What was the Portuguese response to Angolan protesters burning their ID cards and attacking Portuguese traders in colonial Angola?
Unlike many of its European counterparts, Portugal did not plan to release its African colonies, and so it held on tightly. When, in Angola, 1961, local peasants refused to work in the cotton fields, their protest slowly escalated until Portuguese traders in the country were attacked. Portugal responded with an aerial bombardment of several defenseless villages, using both napalm and conventional weaponry.
What was Israel's first move in the 6-Day War?
When Israel's neighbors simultaneous invaded shortly after Israel's recognition as a state by the UN, the young nation fought back and won. Tensions continued to simmer, and some of Israel's neighbors began to mass their militaries at their borders with Israel. Israeli intelligence said an invasion was imminent, so Israel decided to make the first move, which consisted of a surprise attack on Egypt's air force, bombing their air strips and strafing their aircraft.
What element was key to Israel's 38th Armored Division's victory against Egypt's 2nd Infantry Division, 6th Tank Regiment, 1 Mechanised antitank battalion, and additional artillery and infantry battalions?
While Israel's tank forces sent to face Egypt were certainly more numerous, their victory's most important element was that they had much better technology.
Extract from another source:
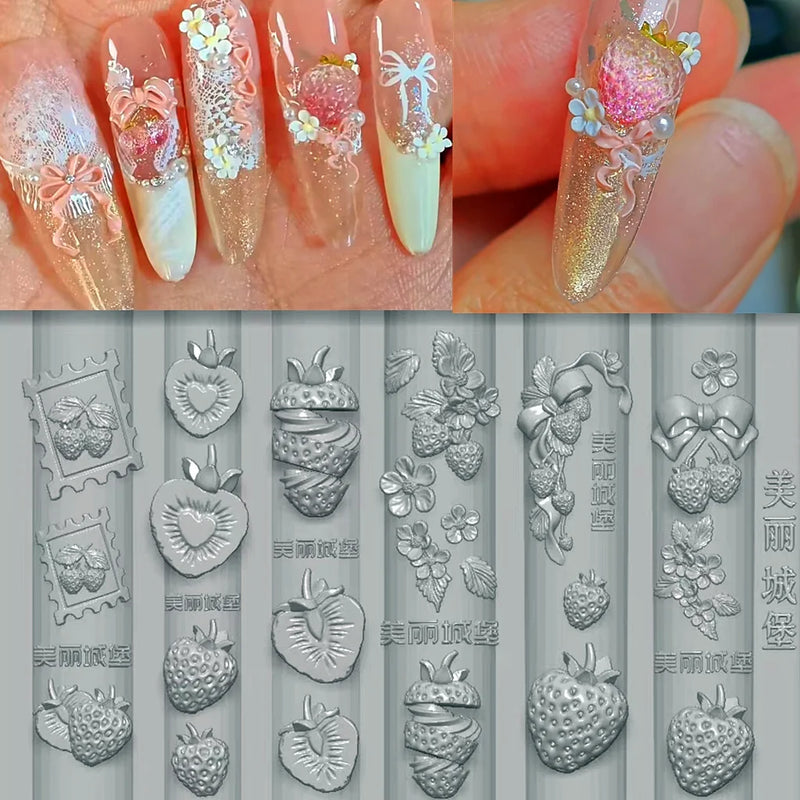 1Pc Cream Skirt Lace Heart  3D Acrylic Mold Nail Art Decorations  DIY Design Silicone Decorated  Nail Art Templates Nails  Mold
The bulk of Egypt's armor was WW2-era Soviet weaponry, and their specialist anti-tank weapons were no match for the least powerful tank in Israel's army: the newly minted AMX-13s. The AMX-13s, Centurions, and Super Shermans were all more or less impervious to Egypt's biggest guns. Certainly strategy, psychology and numbers had their roles in the battle, but any of those advantages could be lost and technology would still have made the difference.
What tool did Iran use to effect the Al Faw peninsula landing?
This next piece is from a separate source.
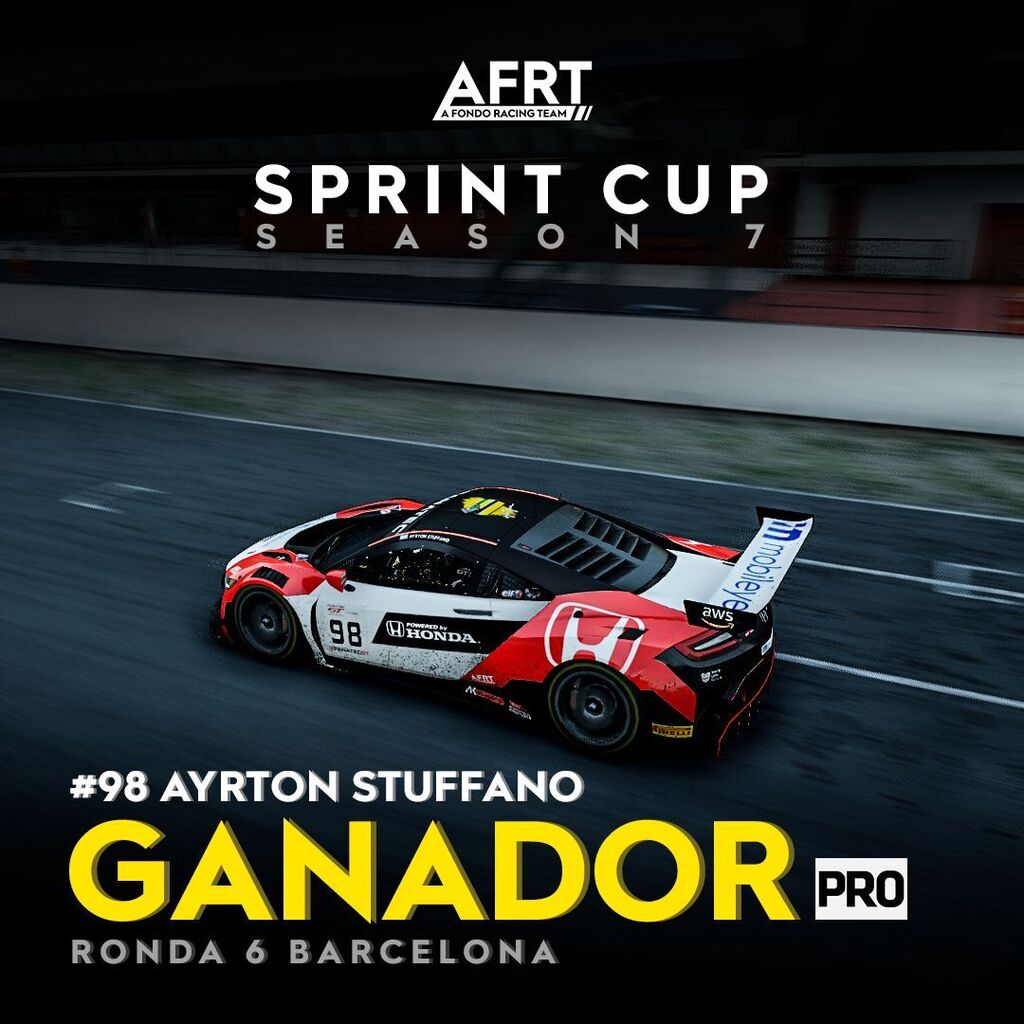 afrt_simracing's tweet photo. ¡Presentamos a los ganadores de la sexta ronda de la AFRT Sprint Cup S7 en Barcelona!

En la clase Pro, victoria y campeonato para Ayrton Stuffano 🇦🇷 largando P4 y avanzando poco a poco hasta llegar a la punta de la carrera y a la de cuadros.
Completaron… https://t.co/iimzCDSVi8 https://t.co/gDOwWlnRpA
Iran used fake news reports to create a panic which allowed them to insert forces into Al Faw, and the weather, which, amazingly, featured torrential rain, meant that Iraq could not use its armor to retake the position.
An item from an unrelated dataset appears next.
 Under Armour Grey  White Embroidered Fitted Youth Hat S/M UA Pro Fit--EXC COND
What October, 1947 invasion resulted in a hot border conflict that lasts through today?
Kashmir could have gone either way when the British decreed that Pakistan and India would be two countries. When a local rebellion broke out in Kashmir, the Pakistani army invaded in to support the rebellion against the Kashmiri government. India agreed to support the Kashmiri government provided that the Maharaja of Kashmir would hand his power to India, and he agreed. No sooner had this agreement been put on paper than the Indian army invaded Kashmir and the first Indian-Pakistani war began.
What was at stake in the 1903 conflict between Bolivia and Brazil?
When it became clear how much latex was available in the jungles around Acre, Bolivia, a huge number of people came to collect, including many Brazilians. When the Brazilians kicked all the Bolivians out of the Bolivian city of Acre, the Bolivian military went in to take it back. Then Brazil sent their military. In the end, the Bolivians surrendered. Later, a treaty would be signed giving Acre to Brazil in exchange for two million pounds and a railroad, both of which took decades to materialize.
What 1974 invasion divided a popular European vacation spot?
In 1974, the independent island The Republic of Cyprus was invaded by Turkey. The island had been a British possession until 1960, but the coalition of ethnic Greeks and Turks on the island fell apart and it looked like the Turks were becoming second class citizens. The island had (and has) elements of both the Greek military and the Turkish military, and in 1974, the Greek military overthrew the government. In response, the Turks invaded, taking nearly half of the island. Today, both nations manage a strange dance as bits of Cyprus change hands based on time of day.